The reason why this is so important to understand is that the interaction at this boundary not only has local effects, but global effects as well, due to the global circulation of the atmosphere and oceans. In the Arctic, there are lots of different kinds of surfaces: open water (calm or stormy), solid ice (of different thicknesses and ages), melting ice, ice combined with open-water “leads,” etc. This makes for a really complex set of circumstances when trying to figure out how energy is exchanged between the atmosphere and the ocean. On one hand, the presence of sea ice impedes the heat exchange at the atmosphere-ocean boundary. On the other hand, the very presence of ice is determined by the intensity of that heat exchange. So the goal of the Met Tower is to get direct measurements of these turbulent fluxes which affect the entire atmosphere-ocean-ice system. So next time you look at one of those beautiful pictures of the Arctic that seems so calm and serene, think about all of this turbulence and complexity. Even though we can’t see it ourselves, the Met Tower helps us figure it out.

Try This!

A lot of the phenomena we see in the atmosphere have analogies in the ocean – because liquids and gases are both fluids. Winds and ocean currents are generated by heat differences across distance, and both have the effect of distributing heat. Try gently lowering a small container of hot, colored water (use food coloring) into a larger container of cold water. What happens? What do you think causes this effect?

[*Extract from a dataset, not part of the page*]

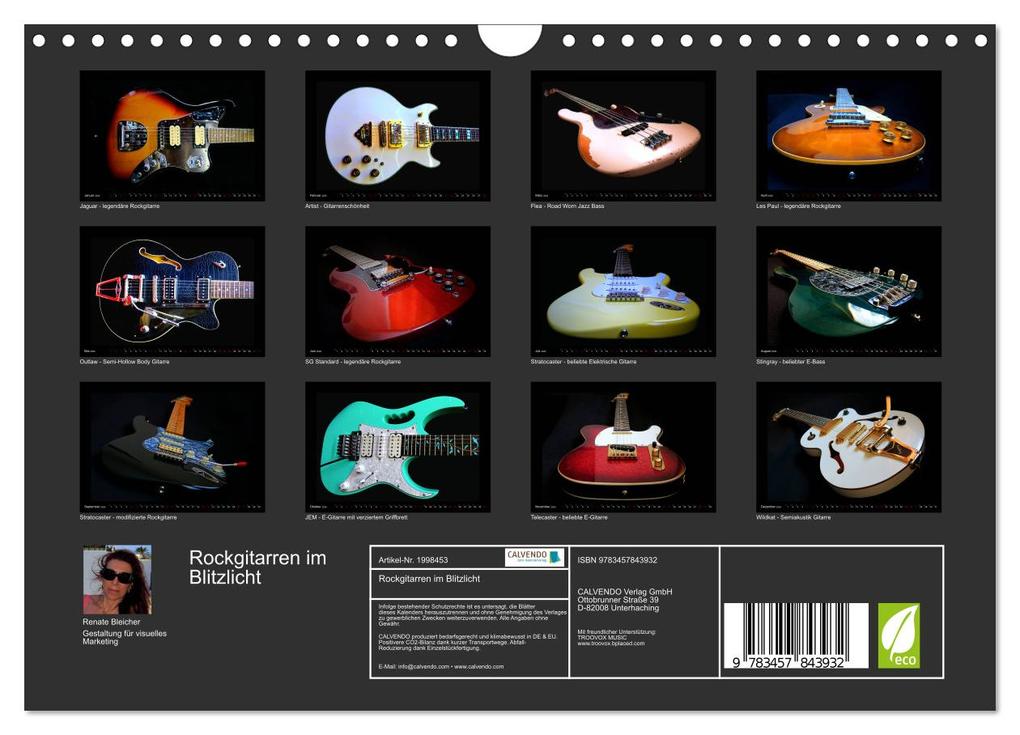 Weitere Ansicht: Rockgitarren im Blitzlicht (Wandkalender 2026 DIN A4 quer), CALVENDO Monatskalender | Renate Bleicher, Calvendo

The Sun helped us recently celebrate the second-to-last mooring of our expedition. Lots of us went outside to enjoy a little bit of sunshine along with the amazing sight of lowering instruments down 2,700meters (more than 1.5miles) into the ocean. Here’s more about this outrageously awesome piece of science and engineering.

The photo shows the diagram of this M9 mooring. This diagram has been well-used, as you can see from the notes scribbled all over it (most of which are serial numbers of the components). This mooring was deployed in a location where the ocean floor has a pretty steep slope, and a couple things were adjusted to the whole structure to account for this. A heavier-than-usual anchor was lowered down as the base of the mooring (it’s about 850kg in water), and an extra “buoyancy support” element (the square yellow component in the diagram) will help raise the mooring out of the water when another expedition returns to retrieve it.

The two yellow cylinders in the diagram, between the anchor and the extra buoyancy support, are the “release assembly.” You can see the bottom of these two cylinders are joined by a “v” shaped link and ring. When another expedition returns to retrieve the mooring, they will “speak” to the release assembly with an acoustic signal, and one of those releases (the other is there as a back-up) will detach. The anchor will remain at the bottom, but the rest of the mooring cable and instruments will be lifted up out of the water, aided by the buoyancy components.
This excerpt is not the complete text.